Problem: Print the listing below only from the line that has "Used 2020 Jeep Wrangler Sport image 24" through the line that has "Città di Columbia, oro", exactly, and drop any picture.

Data for review:
+ + + + +
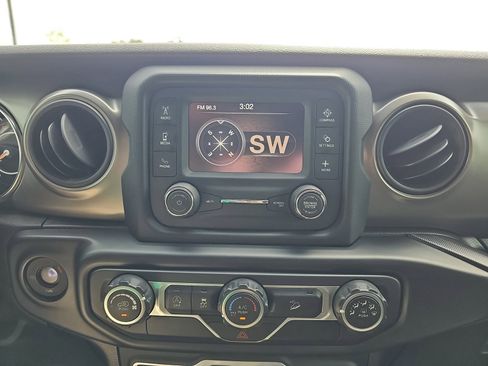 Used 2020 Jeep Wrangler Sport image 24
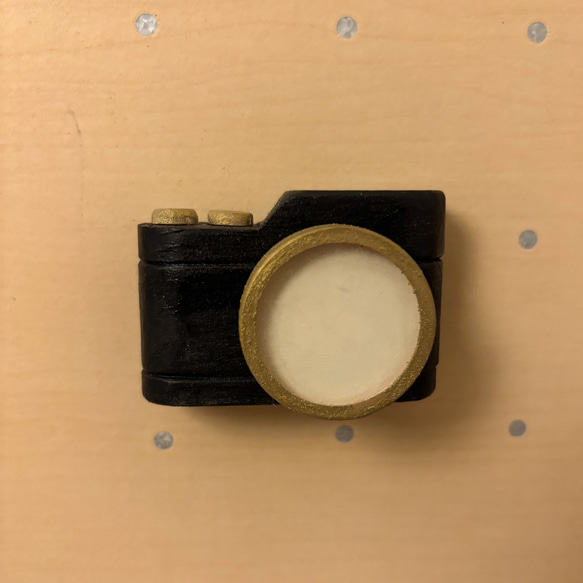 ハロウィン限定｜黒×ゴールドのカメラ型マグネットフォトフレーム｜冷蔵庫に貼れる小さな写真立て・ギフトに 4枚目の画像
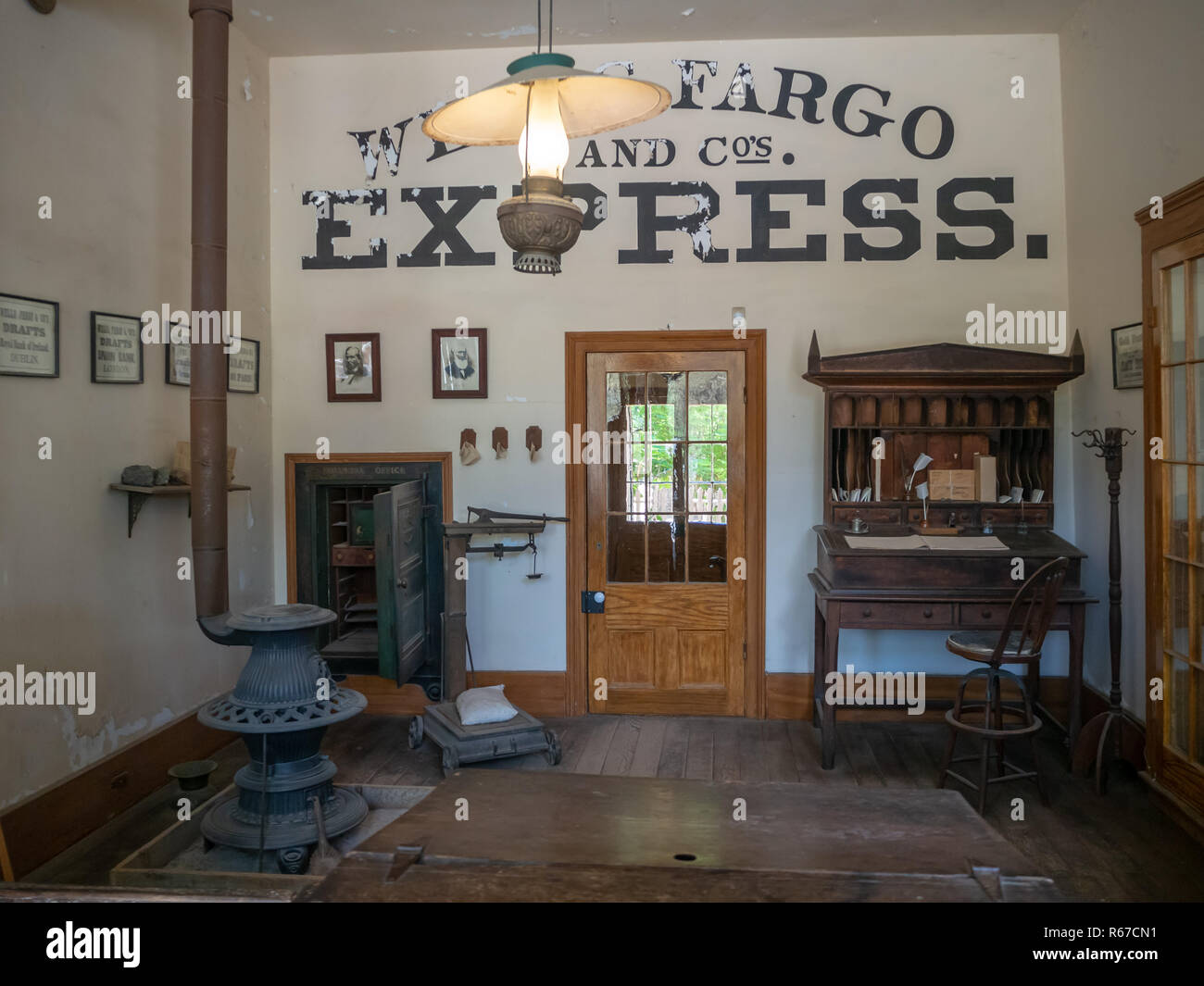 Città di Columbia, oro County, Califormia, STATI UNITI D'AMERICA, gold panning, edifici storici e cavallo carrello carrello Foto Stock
+ + + + +
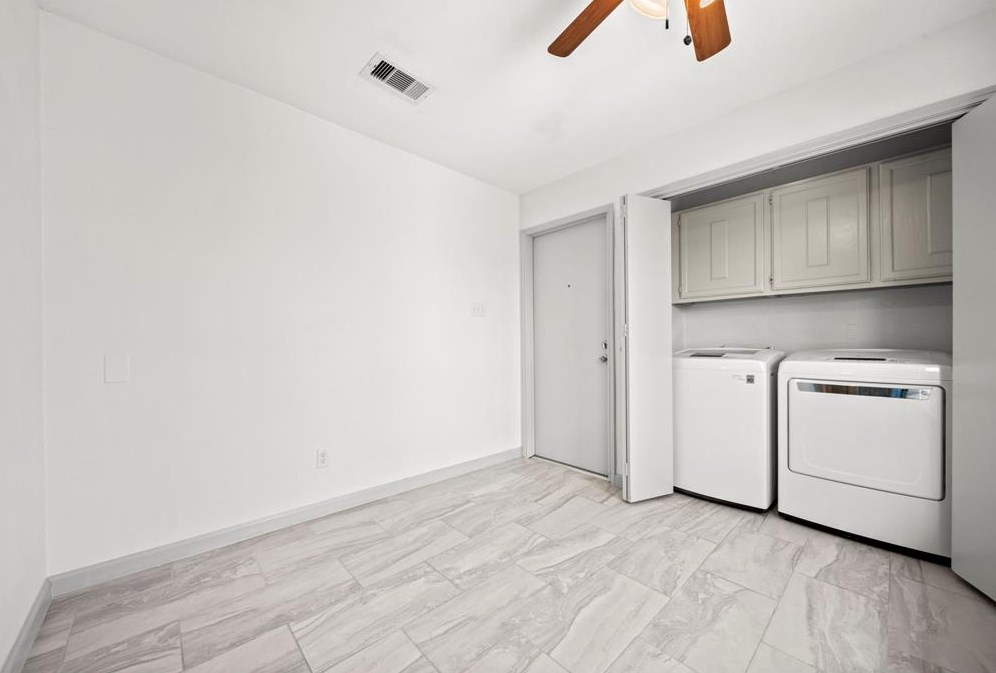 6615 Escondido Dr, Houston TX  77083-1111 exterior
+ + + + +
Your solution:
 Used 2020 Jeep Wrangler Sport image 24
 ハロウィン限定｜黒×ゴールドのカメラ型マグネットフォトフレーム｜冷蔵庫に貼れる小さな写真立て・ギフトに 4枚目の画像
 Città di Columbia, oro County, Califormia, STATI UNITI D'AMERICA, gold panning, edifici storici e cavallo carrello carrello Foto Stock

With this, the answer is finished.